Researchers from the University of Houston found that some natural gas wells, compressor stations and processing plants in the Barnett Shale leak far more methane (CH4) than previously estimated, potentially offsetting the climate benefits of natural gas.
The study is one of 11 papers published in the July 7 edition of Environmental Science & Technology, all looking at fugitive methane emissions in the Barnett Shale. That region, site of the first widespread shale development in the United States, includes Dallas-Fort Worth and almost two dozen counties to the west and south.
The studies were coordinated by the Environmental Defense Fund, with funding from the Alfred P. Sloane Foundation. All field measurements were conducted over 15 days in October 2013.
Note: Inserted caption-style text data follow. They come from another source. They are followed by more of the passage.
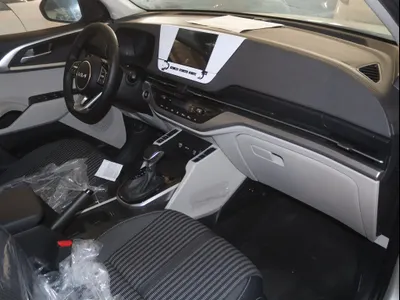 2025 Kia Carens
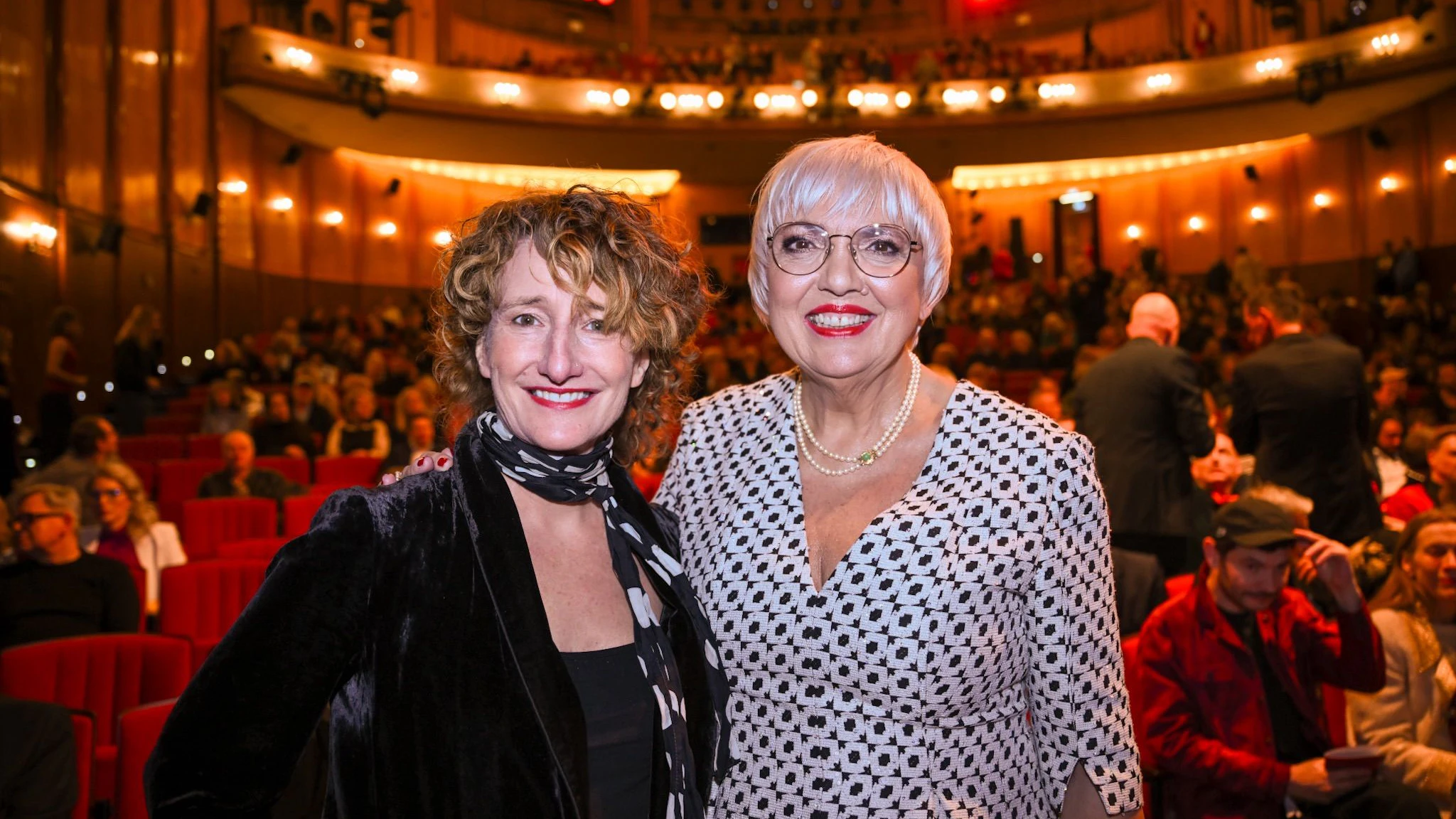 Kulturstaatsministerin Claudia Roth (r.) zeigte sich beim Teddy-Award mit Tricia Tuttle, der künftigen Chefin der Berlinale.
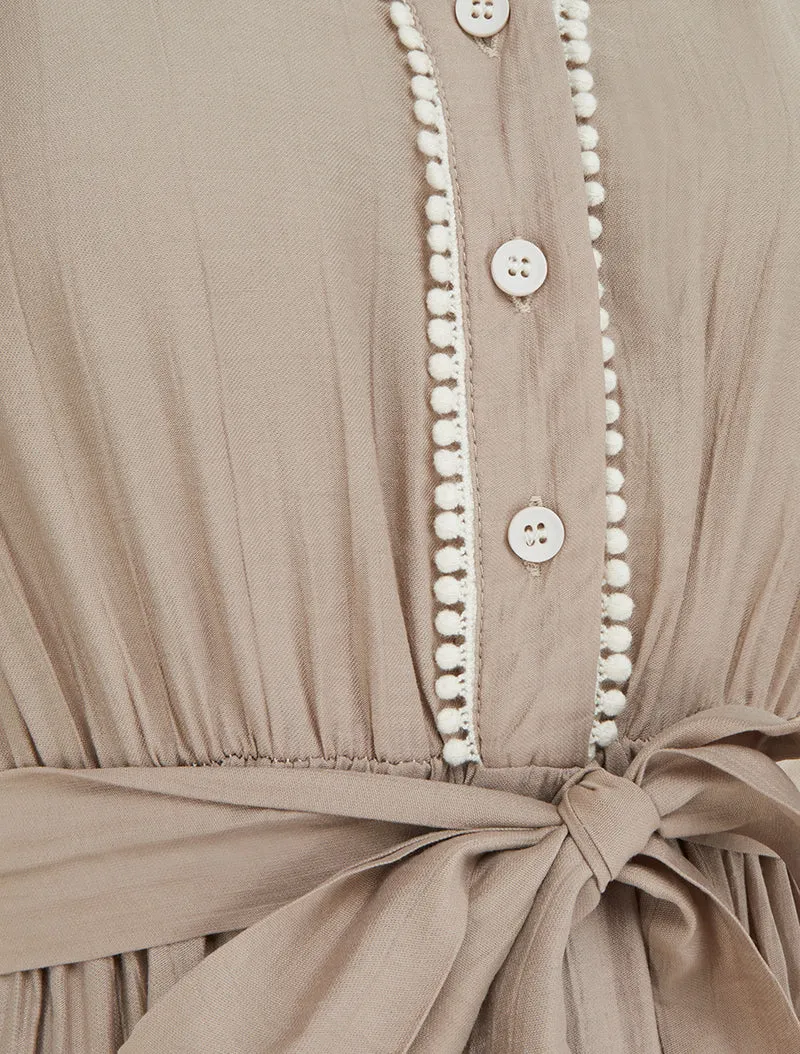 Langes Kleid mit Flügelärmeln aus Häkelspitze - Maulwurf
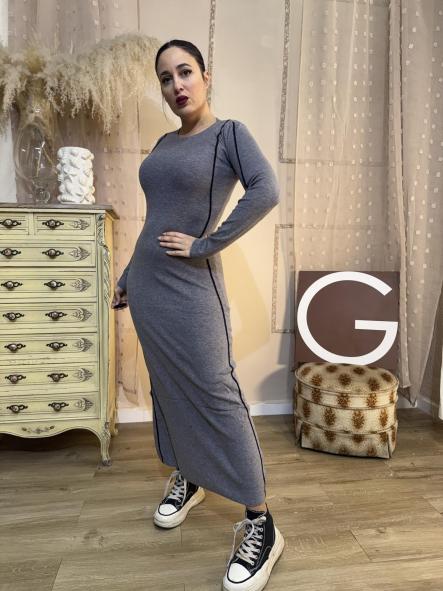 VESTIDO GRIS CON LINEAS EN NEGRO LARGO DE PUNTO
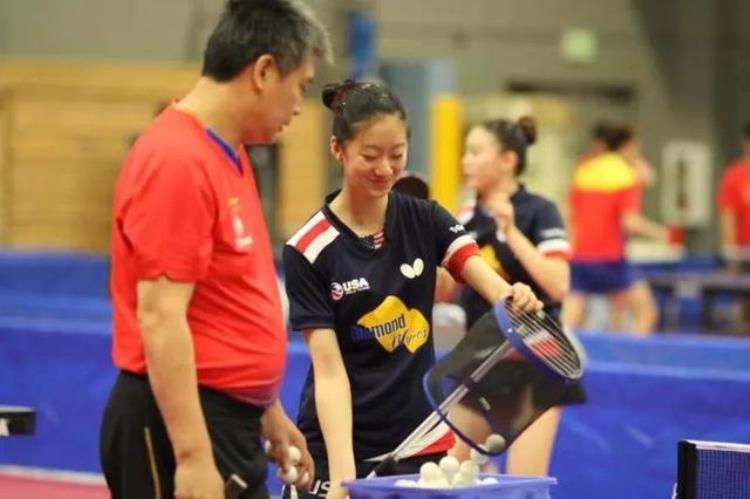 中国驻洛杉矶总领事张平看望在美训练的中国乒乓球队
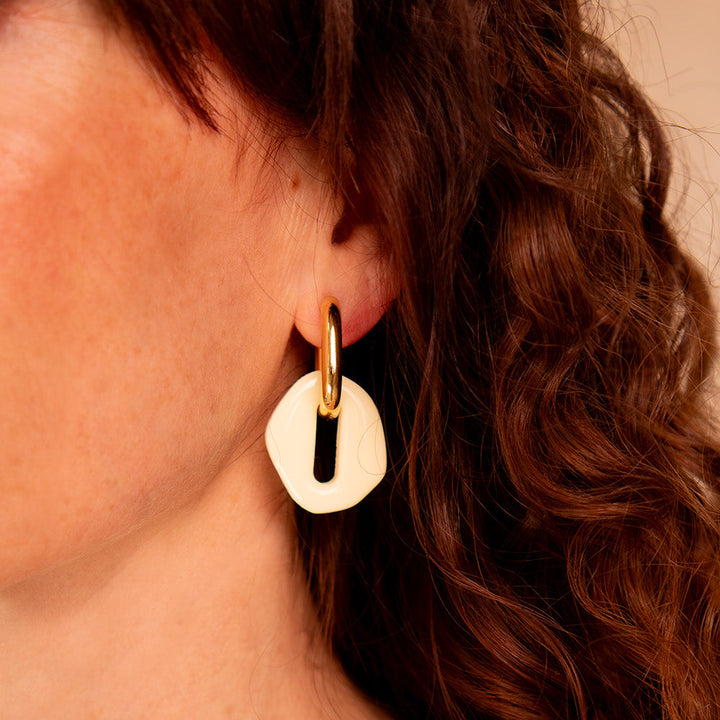 Pendientes Laura de Malea en amarillo mantequilla, charm de arcilla polimérica con aro rectangular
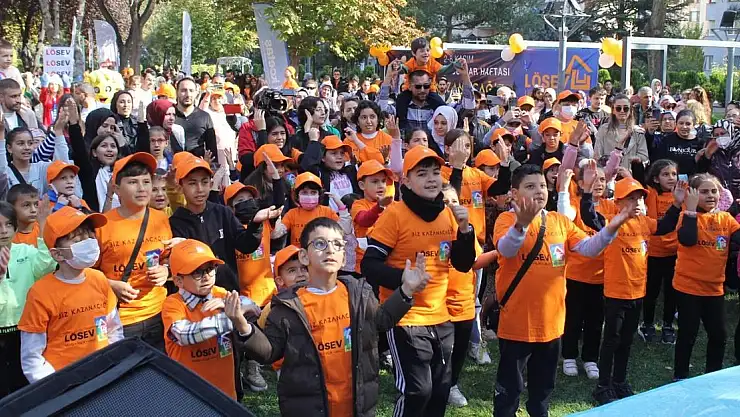 LÖSEV KAYSERİ, LÖSEMİLİ ÇOCUKLAR HAFTASI'NA ÖZEL ŞENLİK DÜZENLEDİ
Natural gas burns more cleanly than other fossil fuels, producing more energy per carbon dioxide molecule than oil or coal. But Robert Talbot, professor of atmospheric chemistry at UH, noted that CH4, the primary component of natural gas, is a potent greenhouse gas. The paper says methane has a global warming potential over a 100-year time frame as high as 34 times that of carbon dioxide.
Talbot authored the paper, along with Xin Lan and Azucena Torres, who were graduate students in his UH lab at the time, and former post-doctoral research associate Patrick Laine.
“In the past decade, the horizontal-drilling and hydraulic-fracturing techniques have led to a boom in natural gas production,” they write. “However, CH4 emissions associated with the production and transmission of natural gas have raised concern from several parties.”
There are natural sources of methane, including wetlands and landfills. The UH researchers measured emissions from a dozen landfills, as well as testing from public roads next to natural gas well pads, compressor stations and processing plants. All testing was done with a mobile laboratory.
The emissions were measured and reported in several ways; the researchers also calculated measurements to gauge what percentage of the natural gas produced escaped through emissions.
A few individual sites had very high methane loss rates that would make natural gas from these sites worse for the climate than coal in the short term. That finding drives interest in determining the prevalence of high-emission sites.
Releases at specific installations ranged from 0.01 percent to 47.8 percent; the median was 2.1 percent.
Methane releases from compressor stations and processing plants were considerably higher than that at the well pads, the researchers reported.
Some emissions can be attributed to human error, compounded by the fact that the sites are often left unattended for long periods of time, Talbot said. “A lot of them are a broken valve, or someone leaves a hatch open. It’s human error. And nobody goes back to the site for a month or so.”
In all, researchers tested 152 facilities, driving 3,700 kilometers – about 2,300 miles – during the 15-day test period. They tested 125 well pads, 13 compressor stations, two gas processing plants and 12 landfills.
The results from this study were used in two other Barnett Campaign papers to determine the contribution of high emission sites to regional methane emissions.